TASK >> Repeat only the lines between the one with "Hill road heading on to Ellerton Moor" and the end of the material below, both ends included. Omit any picture.

COLLECTED MATERIAL >>
------------

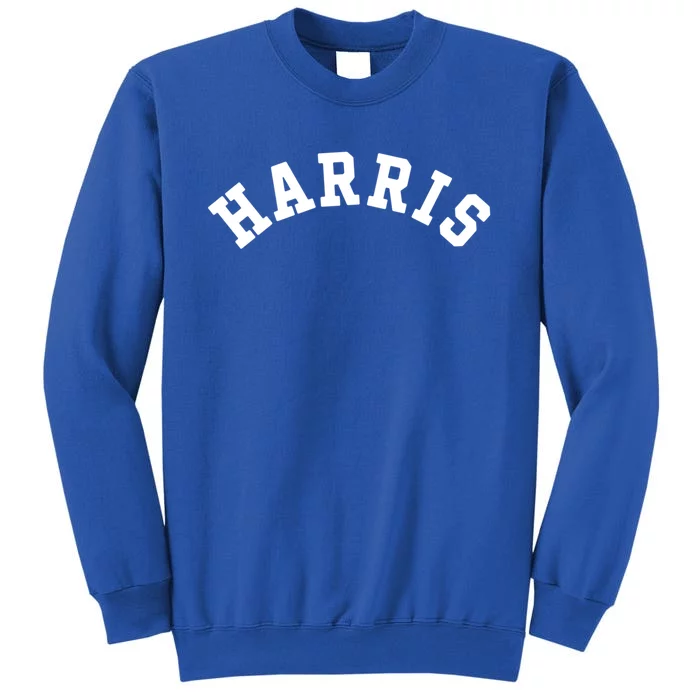 Harris 2024 Simple Curved Font Democrat Kamala Harris 2024 Gift Sweatshirt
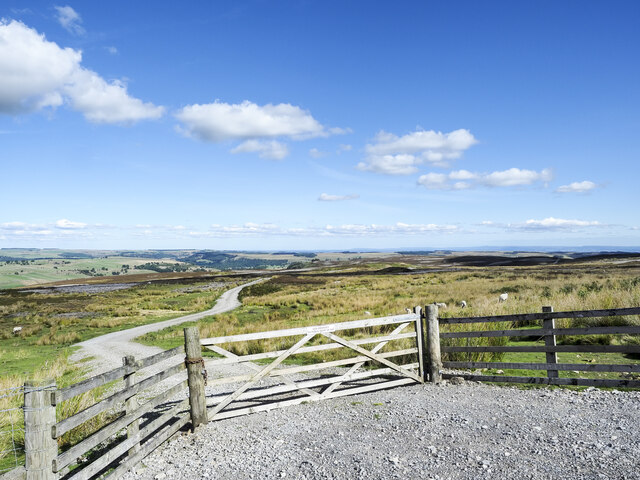 Hill road heading on to Ellerton Moor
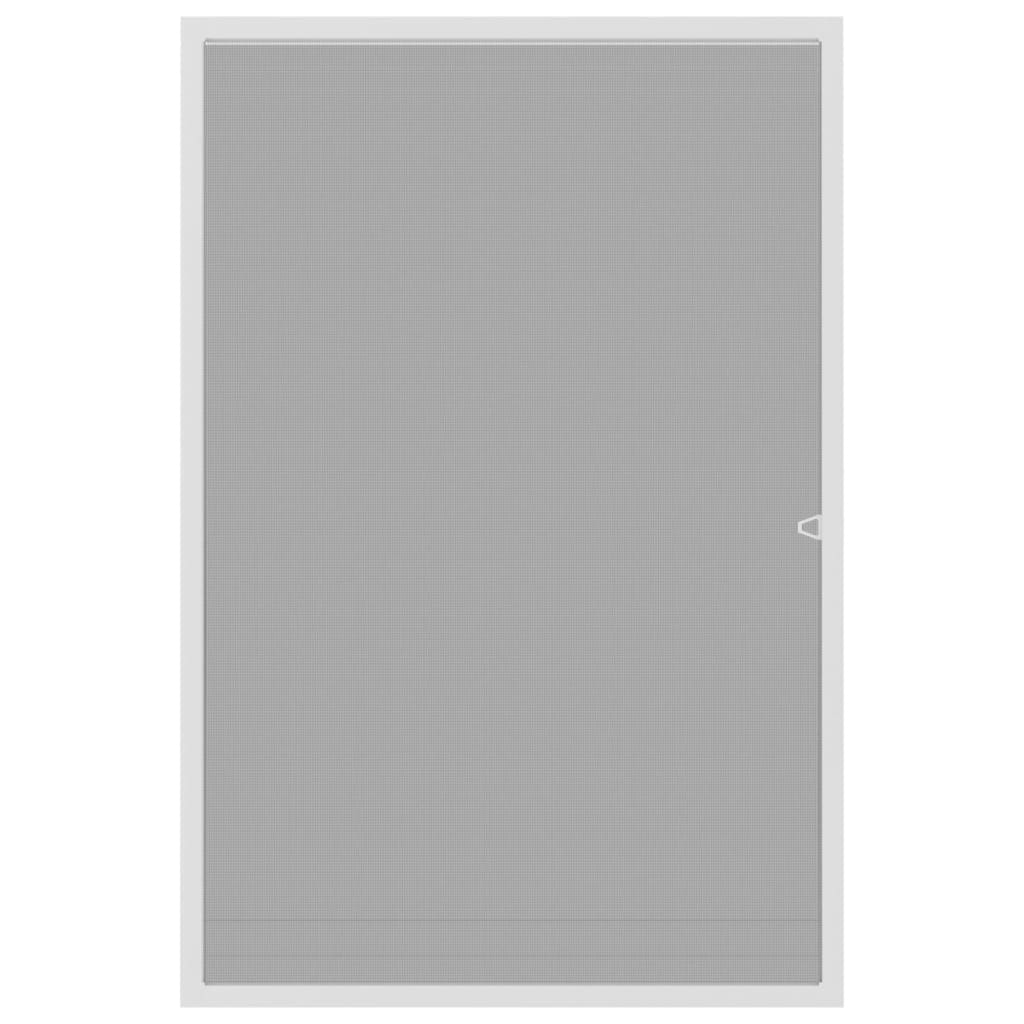 Okenní síť proti hmyzu bílá 80 x 120 cm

------------

TASK RESULT >>
 Hill road heading on to Ellerton Moor
 Okenní síť proti hmyzu bílá 80 x 120 cm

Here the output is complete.